Each line of the data below between the one containing "Alpaka Bravo Backpack" and the one containing "花唄逾期了能申請信用卡嗎(花唄逾期能否辦理信用卡)", both included, is to be repeated exactly. Please omit pictures.

• **THE INPUT**:
━━━━━━━━

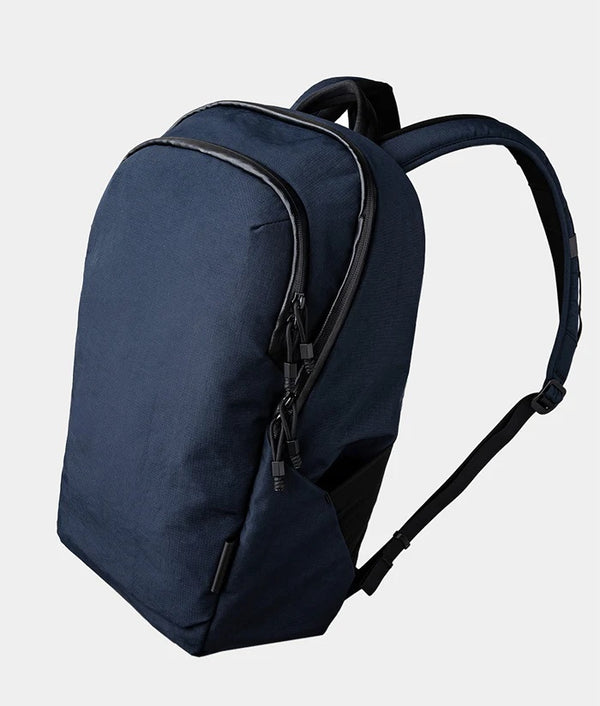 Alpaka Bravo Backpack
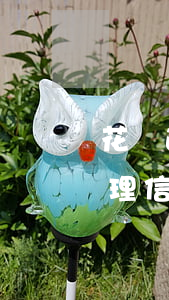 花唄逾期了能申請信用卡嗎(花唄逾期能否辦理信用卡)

━━━━━━━━

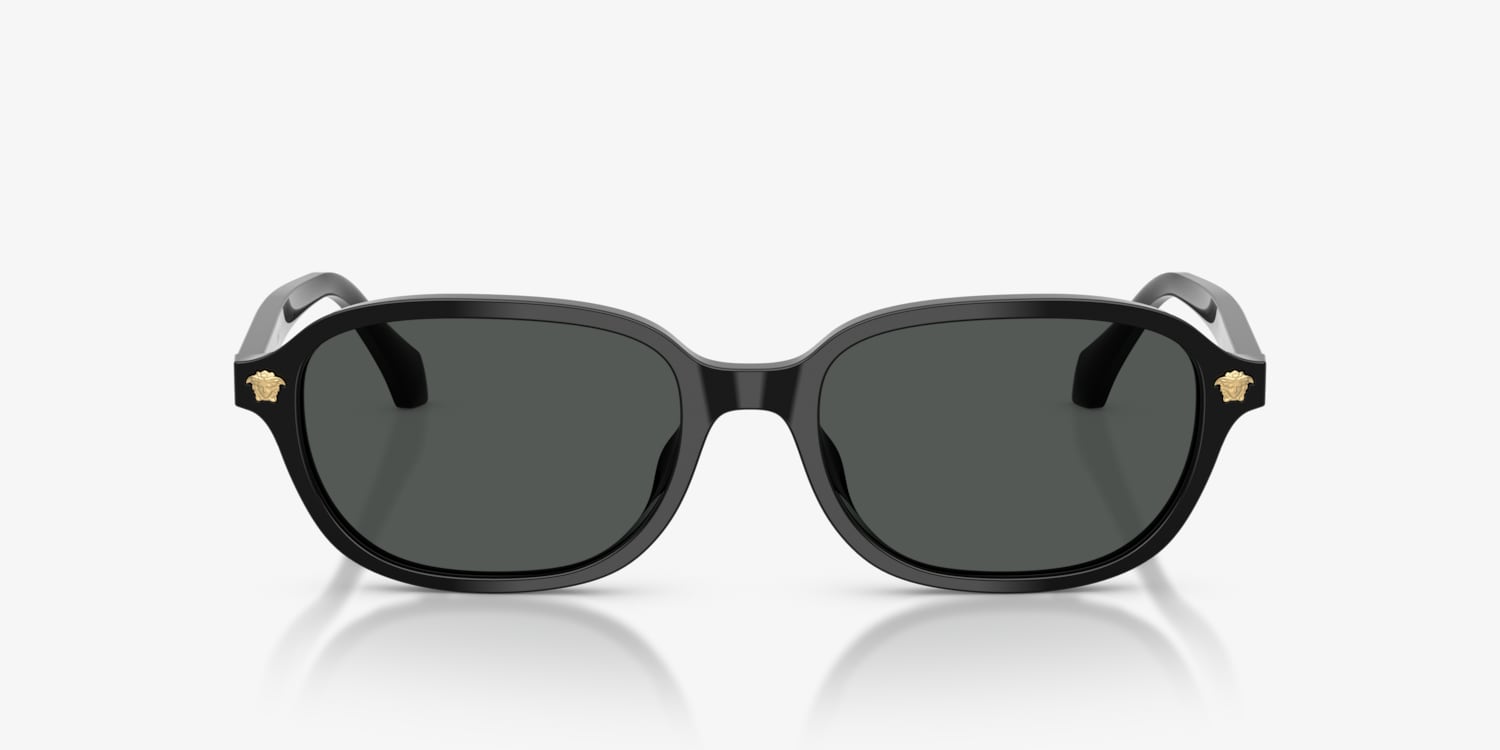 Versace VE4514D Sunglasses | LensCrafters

━━━━━━━━

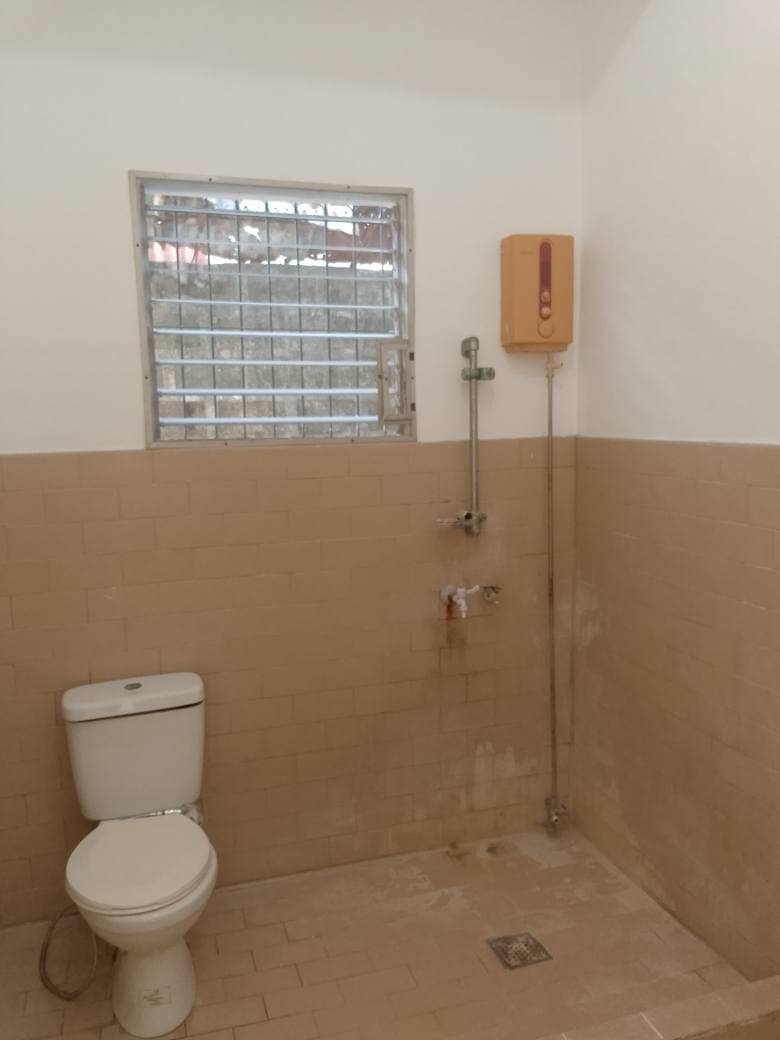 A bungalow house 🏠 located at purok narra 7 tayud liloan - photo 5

━━━━━━━━

• **ANSWER AREA**:
 Alpaka Bravo Backpack
 花唄逾期了能申請信用卡嗎(花唄逾期能否辦理信用卡)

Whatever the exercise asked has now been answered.